Daniel Lusk Poems

Nocturne
Lake Champlain Apparition
Sunset on Mallets Bay



Nocturne

   Listen  
When we go below,
we almost expect to see the stars,
mirrored by the surface so vividly at night,
fixed in their places along the bottom.

The big fish—the elegant pike,
avuncular channel cat,
the lordly muskellunge—they graze
the hillsides around and below us like cattle.
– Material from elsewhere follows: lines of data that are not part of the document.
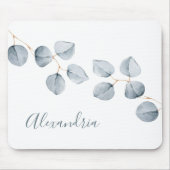 Eukalyptus-Einfachheit Mousepad (Vorne)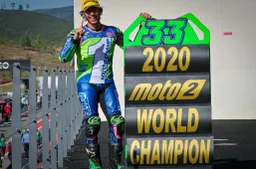 Enea Bastianini Rivelazione dell'Anno ai Gazzetta Sports Awards 2020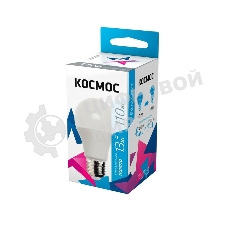 Лампа светодиодная Космос LED BASIC A60 13Вт 220В E27 4500К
The little fish—shiners in a school,
tessellated darters scattering
like grace notes on a score so the silence

appears to have secret music,
appears even to have birds.

Are there seasons here?
Or only overhead, as in dreams?
Like storm clouds, the hulls of boats.
An occasional swimmer in flight.

Are dusk and dawn the same?
There are no pedestrians,
no panhandlers, no streetlights.
No distant porchlight but the moon.

Small boats, moored along the bottom,
appear homesick to those of us
who love our homes. We listen
for fishcalls, as if a pumpkinseed
were a flugelhorn. But these corridors
of mud are silent as catacombs.


Lake Champlain Apparition

 Listen  
—Eyewitness accounts periodically revive an ancient legend of a lake monster, known locally as “Champ.”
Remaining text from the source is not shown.